Opinion
Nos. 18214, 18215.
December 10, 1963.
Louis F. Oberdorfer, Asst. Atty. Gen., Lee A. Jackson, Robert N. Anderson, Norman H. Wolfe, and Jerome Fink, Attys., Dept. of Justice, Washington, D.C., Cecil F. Poole, U.S. Atty., and Richard L. Carico, Asst. U.S. Atty., San Francisco, Cal., for appellant.
Severson, Zang, Werson, Berke Larson, and Kurt W. Melchior, San Francisco, Cal., for appellee.
Before CHAMBERS and DUNIWAY, Circuit Judges, and TAYLOR, District Judge.
This is an appeal from a judgment in favor of appellee, a nonprofit corporation organized and existing under the laws of the State of California, for the amount of excise taxes paid periodically by appellee, from January 1, 1952 through December 31, 1959, on dues and initiation fees collected by it from its members. The District Court had jurisdiction under 28 U.S.C. § 1346, and this court has jurisdiction by virtue of 28 U.S.C. § 1291.
Appellant relies on seven specifications of error which attack the trial court's findings made from facts not in dispute and the court's conclusion that appellee was not a social, athletic or sporting club within the meaning of Section 1710 of the Internal Revenue Code of 1939 and Section 4241 of the 1954 Code.
Section 4241 of the 1954 Code provides:
"(a) There is hereby imposed —
"(1) A tax equivalent to 20 percent of any amount paid as dues or membership fees to any social, athletic, or sporting club or organization, if the dues or fees of an active resident annual member are in excess of $10 per year.
"(2) A tax equivalent to 20 percent of any amount paid as initiation fees to such a club or organization, if such fees amount to more than $10, or if the dues or membership fees, not including initiation fees, if any active resident annual member are in excess of $10 per year."
The findings and holding which appellant claims were erroneous are in effect: that during the years in question appellee was not a social club or organization within the meaning of Section 1710 of the Internal Revenue Code of 1939 and Section 4241 of the 1954 Code; that appellee's luncheon activities were not susceptible of definition; that the facilities furnished by appellee where the club members were free to engage in conversation of their choice served a professional purpose of the club; that the principal purpose of the club was to bring members of the various branches of the engineering profession together to promote familiarity and cooperation; and that the club's social activities were occasional and minor in scope and not a substantial factor in enabling it to secure or retain members.
In essence appellant contends that according to the evidence and the law the appellee was organized and operated as a luncheon or social club (subject to admissions and dues tax) and that the trial court clearly erred in finding and concluding otherwise. We do not agree.
The status of an organization, whether social or nonsocial, is largely a question of fact. Engineers' Club of Los Angeles v. United States, 173 F. Supp. 934, 936 (D.C.Cal., 1959); Turks Head Club v. Broderick, 166 F.2d 877, 882 (1st Cir. 1948).

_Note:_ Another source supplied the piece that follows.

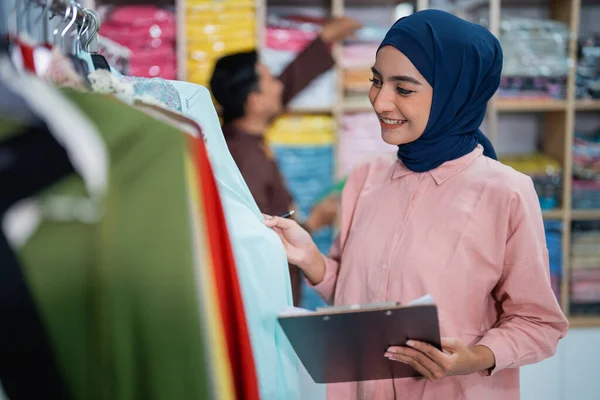 穆斯林妇女在商店里头戴头巾检查自己的时尚服饰 — 图库照片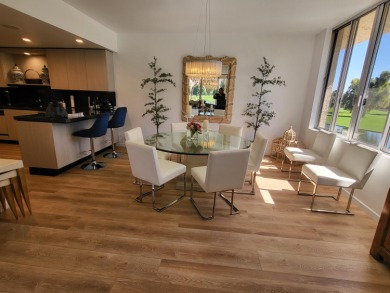 This exceptional corner unit offers stunning south and on Desert Island Golf and Country Club in California - for sale on GolfHomes.com, golf home, golf lot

In substance the trial court found and concluded that the basic purposes and program of the appellee organization were essentially technical and professional, and its nonsocial status was not altered by the serving of meals and refreshments and its limited social functions.
By so finding and concluding the trial court applied the recognized rule that if the basic purposes and program of the organization are essentially technical and professional, incidental and limited social features such as serving meals and refreshments and the like will not alter the nonsocial status of the group. Engineers' Club of Los Angeles v. United States, supra, and cases cited therein under note. 1.
It would not serve any useful purpose to set forth in this opinion the evidence from which the trial court made its findings and arrived at its conclusion. It suffices to say that the findings and conclusion could fairly and reasonably be made and found from the evidence in this case and in our opinion they are not clearly erroneous.
We therefore conclude that the judgment should be and hereby is affirmed.